En général j'me fait ma thérapie tout seul ici, ou j'donne les nouvelles du jour, pour ceux que sa intéresserais et me donner l'impression que ma vie avance.

Bref ce soir je sais pas trop quoi raconter, j'ai pas spécialement envie de parler de moi, ni de ma journée, alors j'vais retourner à la bonne vieille méthode du dé et du dico.

22, V. Vêtement. Quel mot banal :) Mais il tombe plutôt bien. Actuellement je porte un baggy, un truc que j'avais pas mit depuis des années. Je porte très très très souvent des jeans (pour ne pas dire que sa). Faut dire qu'avec la chaleur sa fait du bien, on est libre et tranquilles, pas de prise de tête avec le jean qui tiens chaud au cul au bout de 10minutes. J'aime pas particulièrement prendre soin de ce que je me met sur le dos et je n'ai pas "choisit" ce pantalon en particulier. Mais il est vrai que j'ai envie de changer un peu de fringues, de mettre des trucs différents, peut être un peu roots...

Après faut avoir le temps, l'envie et l'argent pour aller faire des courses, ce qui est loin d'être mon cas (à commencer par l'envie...). Mais bon, peut être que je me bougerait d'ici peu histoire de me faire une nouvelle garde robe.

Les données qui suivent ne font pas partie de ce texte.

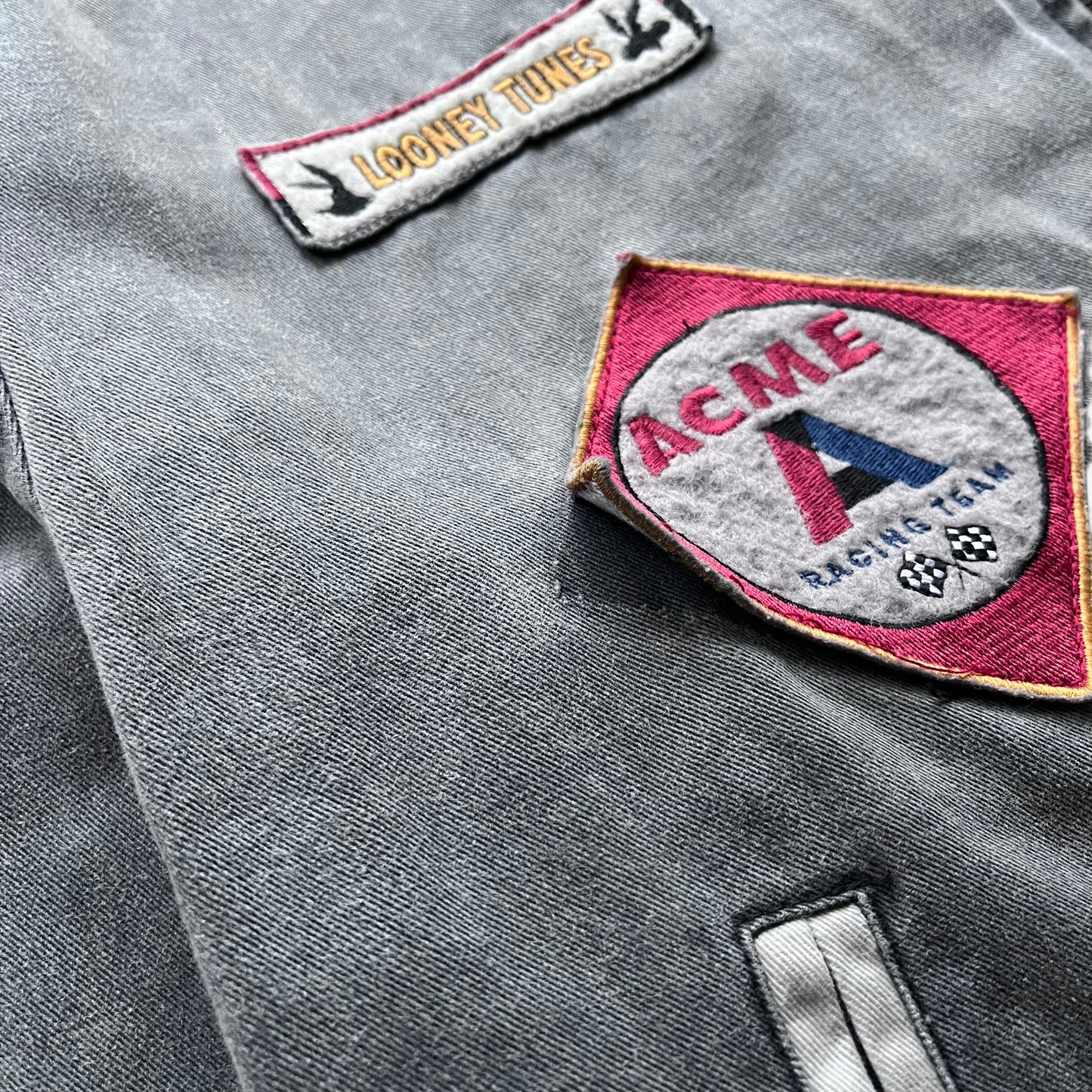 Wear on one of the badges on the chest of a vintage 90s men's ACME Warner Bros Looney Tunes Bugs Bunny grey NASCAR jacket.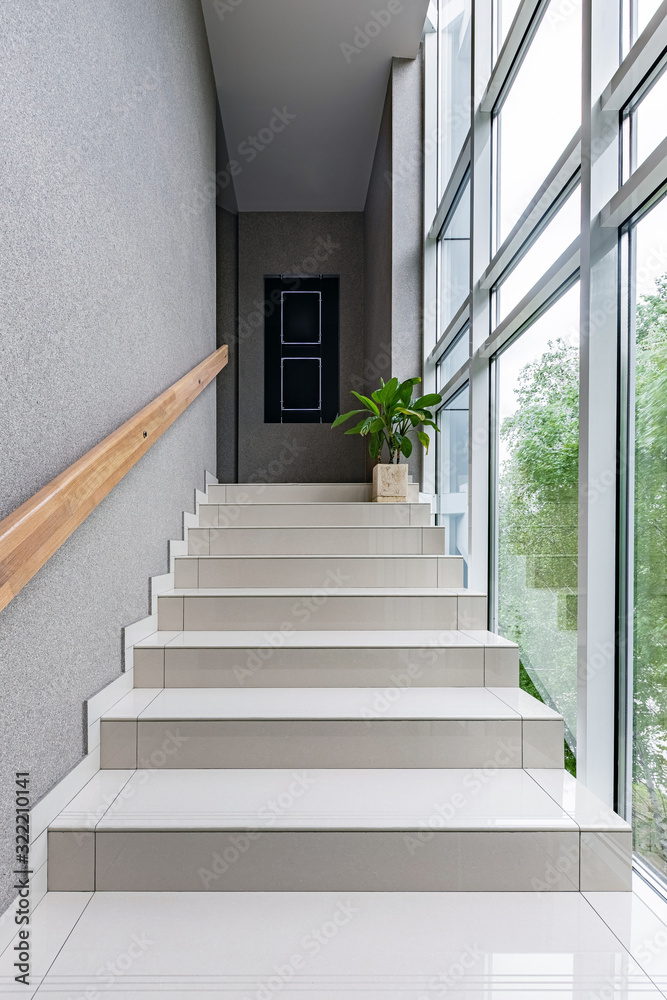 Obraz premium Green staircase window in modern style on white background. Interior design wall. Modern interior design. Modern stylish apartment. Concrete wall. Bright interior.
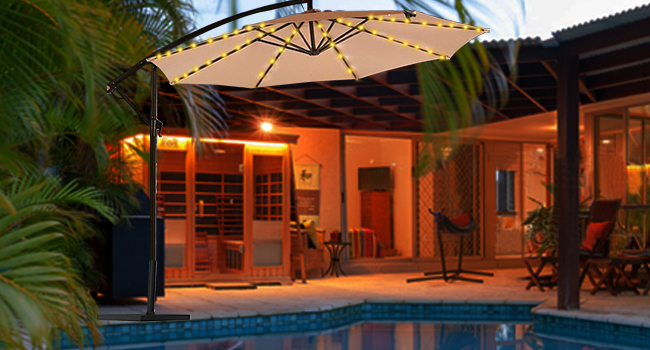 Large beige patio umbrella with LED string lights illuminated at night, positioned beside swimming pool area with tropical landscaping.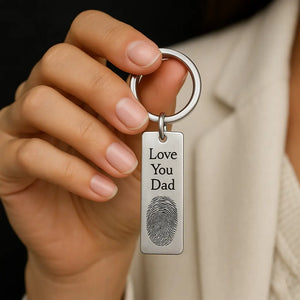 Woman holding a custom fingerprint keychain engraved with message “Love You Dad”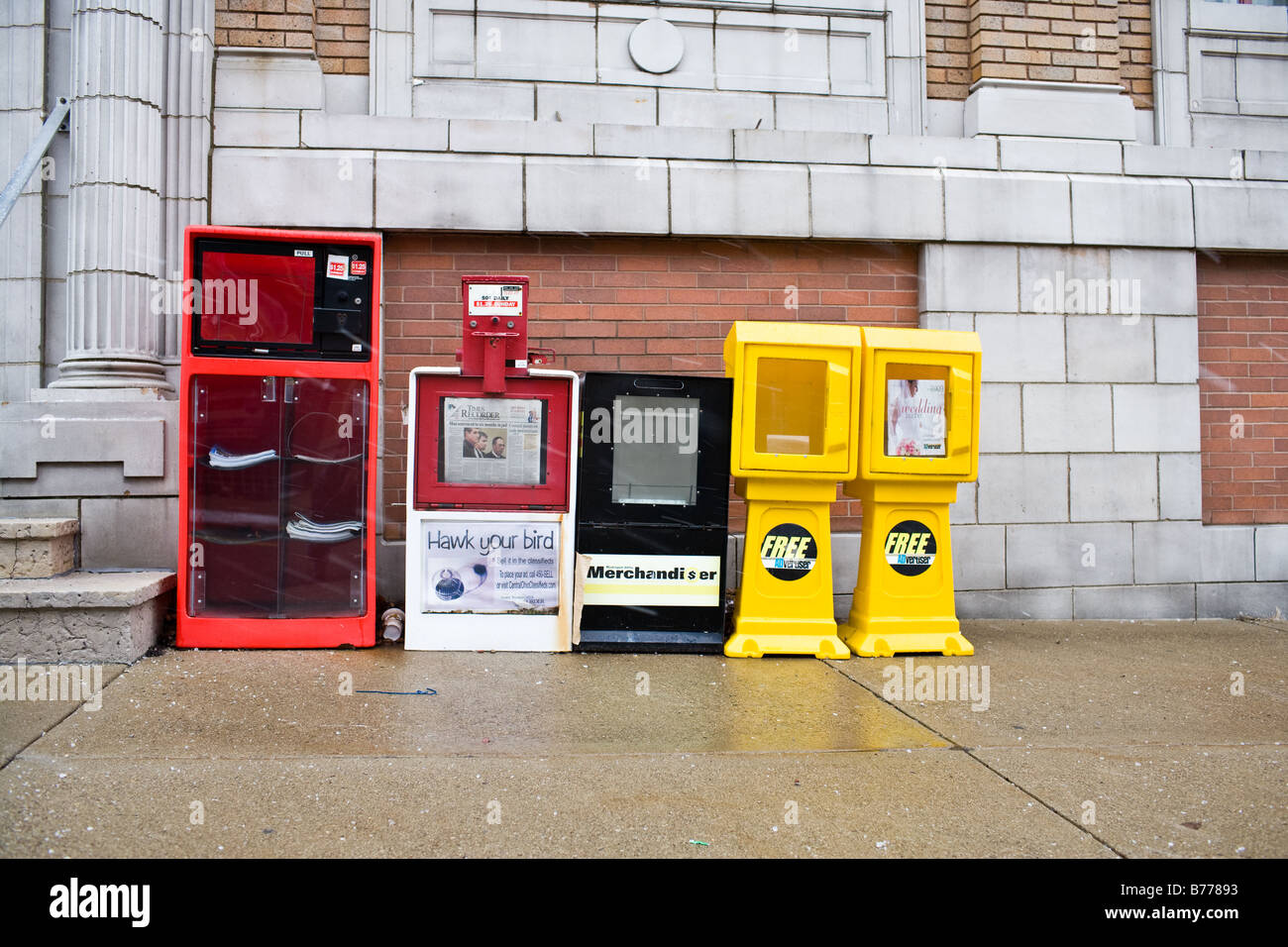 A row of newspaper machines sit along a sidewalk Stock Photo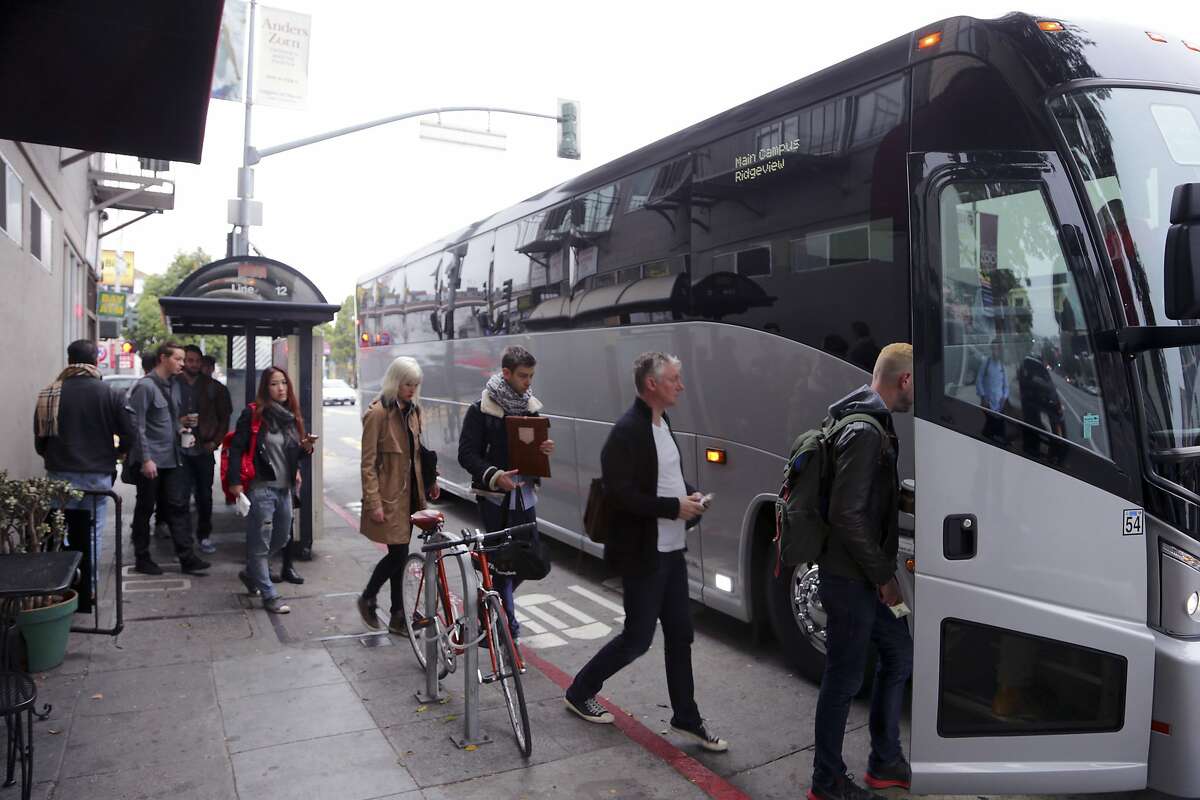 A shuttle bus bound for Silicon Valley offices more than 40 miles away picks up riders in the heart of San Francisco's Mission neighborhood, Jan. 28, 2014. The shuttle buses catering to employees of Apple, Google, Facebook and others have become a a target of ad hoc demonstrations over the gentrification squeezing many less-affluent San Franciscans out of cherished neighborhoods. 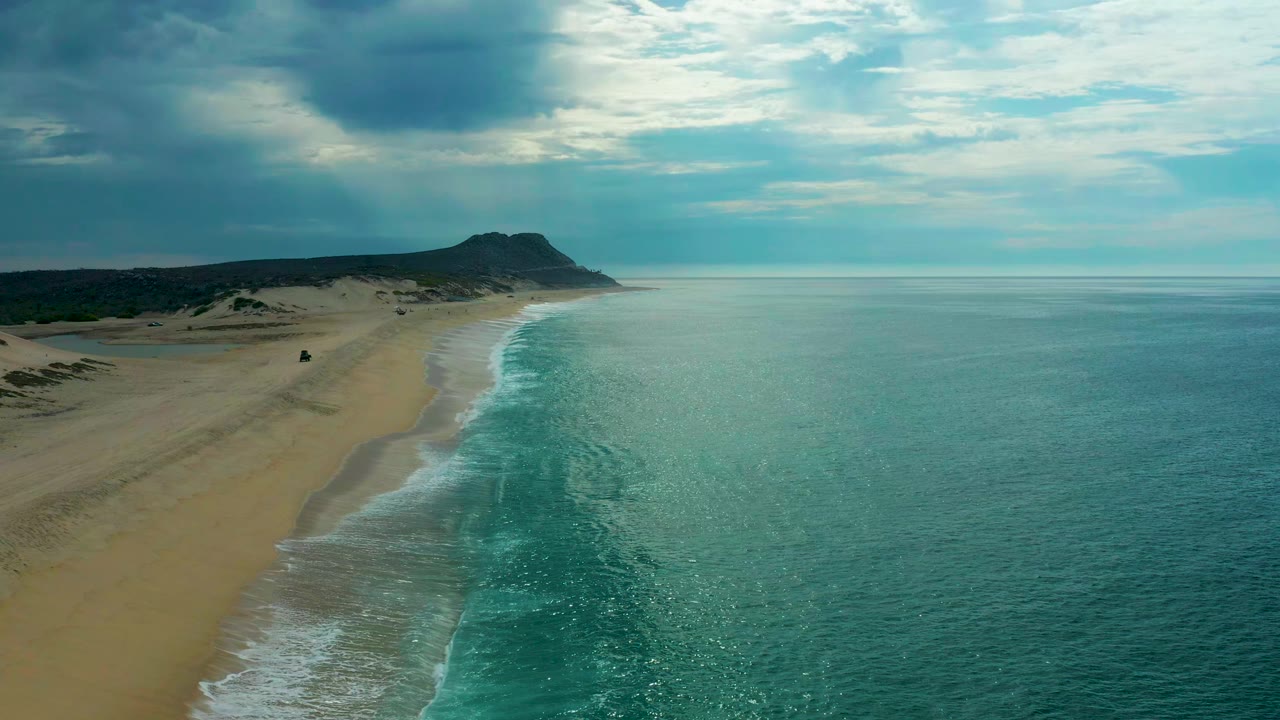 Aerial frame of Laguna Beach, Baja California Sur, Mexico, with white surf tracing a sandy shore, open turquoise water on the right, a distant headland ahead, cloud cover above, and no visible people.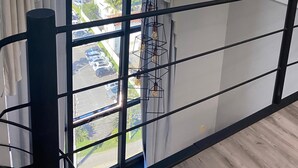 Une pièce dotée d’une grande fenêtre, de rideaux, d’un appareil de climatisation et d’un luminaire au design géométrique.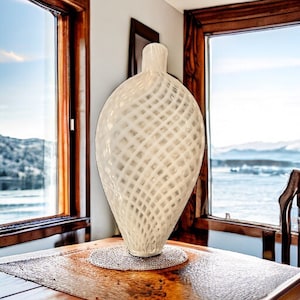 May include: White glass vase with a woven design. The vase is sitting on a wooden table in front of a window with a view of a body of water and mountains.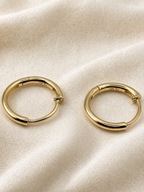 Solid 10k yellow gold huggie hoop earrings displayed on a textured cream fabric background with Ophilesse trademark and gold stamp.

Au passage et pendant que j'y pense, si vous aimez ne serait-ce qu'un peu la BD vous devriez aller jeter un œil au blog de stivo "Trop d'la bulle !" qui se trouve dans mes liens à droite. Bonne balade :)

lundi 29 juin 2009

Ma Bulle

Après l'enchainement de posts plus catastrophiques les uns que les autres me voilà guérit... D'un coup... C'est étrange... Vraiment trop.

Une trop grande bouffée de bonheur d'un coup ? Probablement... Mais sa ne change pas le fait que je vais en profiter. Le bonheur sa ne se refuse pas.

Désolé à tous ceux que je délaisse en ce moment, je prends soin de moi et de l'autre cerveau déluré... Tout va bien, la vie est belle.